No dia 10 de outubro de 2022, Eduardo Tagliaferro, então chefe da Unidade Especial de Combate à Desinformação do TSE, compartilhou um link de um vídeo publicado por Zambelli no Facebook, comentando: “Ela está pegando pesado agora.” Ele informou que salvaria o conteúdo no site Verifact para preservá-lo. A mensagem gerou reação imediata de Marco Antônio Vargas, juiz auxiliar de Moraes no TSE, que respondeu: “Boa! Esse post é bom de ferrar com essa mulher.” O comentário foi celebrado por Airton Vieira, assessor de Moraes no Supremo Tribunal Federal (STF), com um emoji de aplausos.
Nove dias depois, em 19 de outubro, Vargas compartilhou outro vídeo de Zambelli no Instagram, no qual a deputada homenageava sua mãe, e disparou: “Absurdo é a idiota dizer que tem orgulho da mãe.” Tagliaferro respondeu com ironia: “Vamos fazer uma surpresa para a diplomação rsrsrs. Estou documentando tudo.” Na mesma data, Vieira revelou: “Hoje o ministro disse que assinaria o bloqueio da conta dela.” Essas conversas indicam um esforço deliberado para monitorar e punir a parlamentar, aliada do ex-presidente Jair Bolsonaro, que acumula investigações no STF por suposta milícia digital, atos de 8 de janeiro e disseminação de desinformação.

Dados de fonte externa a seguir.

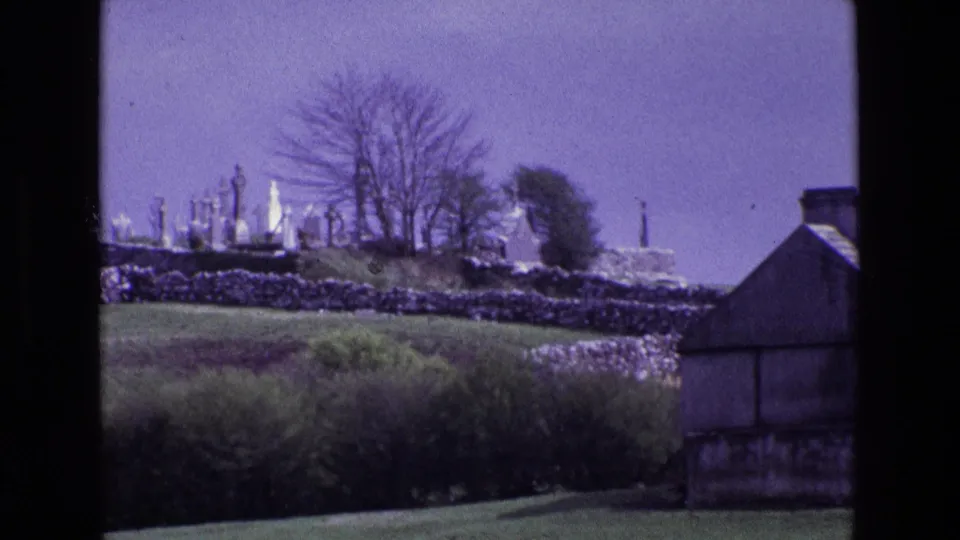 Irish rural hillside view showing a cemetery with upright gravestones behind stone walls, with trees and a building at frame right.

As mensagens, parte do escândalo conhecido como Vaza Toga, iniciado por reportagens da Folha de S.Paulo em 2024, levantam questionamentos sobre a legalidade das ações. Juristas apontam que o STF não tem autoridade para ordenar ações ao TSE, configurando usurpação de competência, já que investigações e acusações cabem à Polícia Federal e ao Ministério Público. Além disso, as ordens via WhatsApp, sem contraditório ou ampla defesa, violam o devido processo legal previsto no artigo 5º da Constituição. O uso da unidade de combate à desinformação do TSE fora do período eleitoral e para fins criminais também é apontado como desvio de finalidade.
A Revista Oeste destaca que as revelações, inicialmente expostas por Glenn Greenwald e Fábio Serapião, foram complementadas por novos documentos obtidos por David Ágape e Eli Vieira, publicados no site Public. As mensagens reforçam críticas à atuação de Moraes, acusado de atuar simultaneamente como investigador, acusador e julgador, comprometendo a imparcialidade judicial.
Zambelli, presa na Itália por condenação do STF relacionada à contratação de serviços hackers para invadir o Conselho Nacional de Justiça (CNJ), segue no centro do embate político e jurídico. As revelações da Vaza Toga intensificam a pressão por investigações sobre supostos abusos de autoridade no STF e TSE, com pedidos de CPI e impeachment de Moraes em debate no Congresso.